How many calls pass before StackOverflowError appears (with standard stack size)?
Let's measure:

 package demo4; public class Recursion {   static int depth;   static void recursion() {       depth++;       recursion();   }   public static void main(String[] args) {       try {           recursion();       } catch (StackOverflowError e) {           System.out.println(depth);       }   } }

Same code, just added catch StackOverflowError.
On a 64-bit system with a 1 MB stack size, the result varies from 22 to 35 thousand calls. Why such a big difference? The point is JIT: methods are compiled in the compiler's background thread in parallel with the execution of java-code. At some point (after the recursion method has already been called several times) the compilation of this method is started, and at that time execution continues in the interpreter. As soon as the compiler finishes its work, the next call will go to the compiled code.

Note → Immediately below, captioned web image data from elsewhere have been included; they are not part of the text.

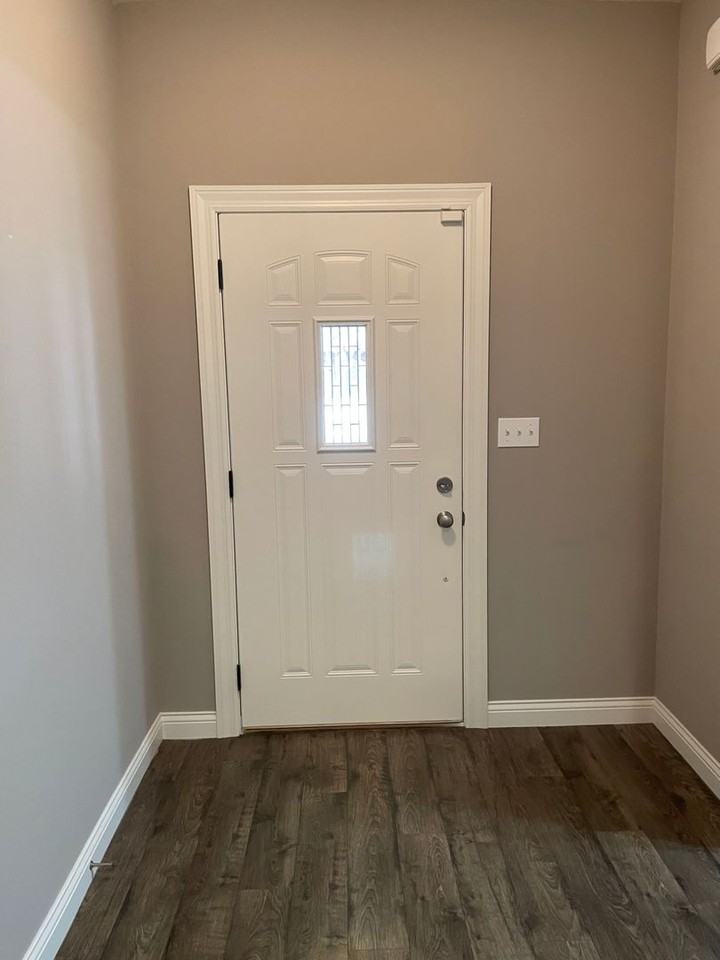 2912 Bluegrass Ct - Photo 2 of 31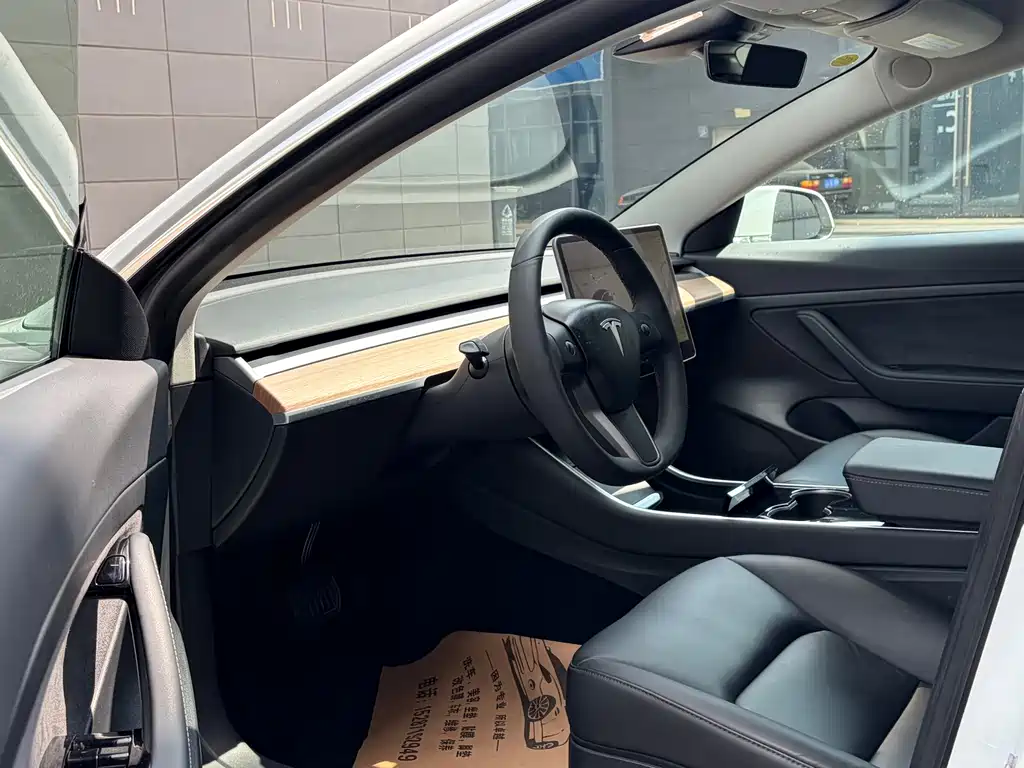 Tesla Model 3 — миниатюра 4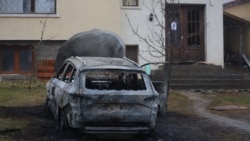 Запаленият автомобил в двора на къщата на кмета на Бистрица Самуил Попов. Палежът е засегнал и входната врата на имота, която се вижда на заден план. 16 февруари 2026 г.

Starting from Java 8, we have 2 compilers in one VM by default - “light” C1 and “heavy” C2, i.e. it is possible that we will have three types of frames on the stack: interpreted, compiled C1 and compiled C2. Frame size can vary greatly. The interpreter has the most cumbersome frames, because everything is stored on the stack (all arguments, local variables, current bytecode pointer, etc.). In the compiled code, much of this is not needed, and the more optimal the compiler is, the less it should be stored on the stack. C2, for example, generally will not make room on the stack for local variables - everything pushes through the registers, but also zainlineit one level.



If the same code is executed in a purely interpreted mode with a key

-Xint

The result is almost always 12,500 (± several frames).
Now the same thing, but after the C1 compiler.

-Xcomp -XX:TieredStopAtLevel=1

In the case of the C1 compiler, the results are also quite stable - about 25 thousand.
If you compile everything in C2 right away:

-Xcomp -XX:-TieredCompilation

All this will work longer, but the result is 62 thousand frames.
If you divide the standard stack size (1 MB) by 62 thousand, it turns out that about 16 bytes go to 1 frame. I checked by compiled code - it is. The frame size is actually not 16 bytes, but 32, but in 1 frame there are 2 levels of nesting at once.



By default, on a 64-bit architecture, the stack size is 1 MB, but it can be adjusted. These 2 keys are synonymous.

-Xss, -XX:ThreadStackSize

A less well-known fact is that you can change the stack size of one particular thread:

Thread(ThreadGroup, target, name, stackSize)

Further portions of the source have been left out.